I'm not a rivet counter guy. When we talk prototypical, I WASN'T AROUND TO SEE THESE THINGS WHEN THEY RAN, so being prototypical is less important to me than "do I like it". And I like these puppies. I also like the K-Line black Santa Fe aluminum cars that I have. I don't think Santa Fe ever ran them. And I like my pink GG1, which I'm pretty sure the PRR never ran.

It's a short life. Get what you like and don't dis the other guy.

Gerry

I have the 5 postwar Lionel Lines 2500 aluminum streamliners (baggage, 2 pullman, vista dome, and observation) plus the modern era combine, diner, full vista and duplex roomette that I have added Lionel Lines plates to. All with silhouettes. Running a 6464 boxcar of a matching roadname with the ABA F3 engines and a milk car or horse car or merchandise car makes for one prototypicaly long train and a dream come true for this baby boomer. Plastic just doesn't do the same for me.

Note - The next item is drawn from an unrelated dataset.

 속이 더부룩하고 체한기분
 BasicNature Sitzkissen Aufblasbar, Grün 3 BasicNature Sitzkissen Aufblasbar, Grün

Well, unless it's the 2400 027 cars and the 2600 Madison cars. 

Postwar rules!

 

Plastic vs Aluminum ?

If it were just that simple.  IMHO the perfect passenger car would contain the following:

Plastic body by Atlas - CZ cars are the absolute BEST for exterior and undercarriage detail.  In  addition, the light package is excellent.

Interior, I would have to give GGD the "Best in Show" - the inside appointments are multi-colored and arm rest on the seating is matched by nobody.

People - From what I have seen MTH wins in this category but I haven't seen any recent Lionel.

The above works for me, your milage may vary. 

 

 

SantaFeJim posted:

Plastic vs Aluminum ?

If it were just that simple.  IMHO the perfect passenger car would contain the following:

Plastic body by Atlas - CZ cars are the absolute BEST for exterior and undercarriage detail.  In  addition, the light package is excellent.

Interior, I would have to give GGD the "Best in Show" - the inside appointments are multi-colored and arm rest on the seating is matched by nobody.

People - From what I have seen MTH wins in this category but I haven't seen any recent Lionel.

The above works for me, your milage may vary. 

 

 

That sounds perfect to me.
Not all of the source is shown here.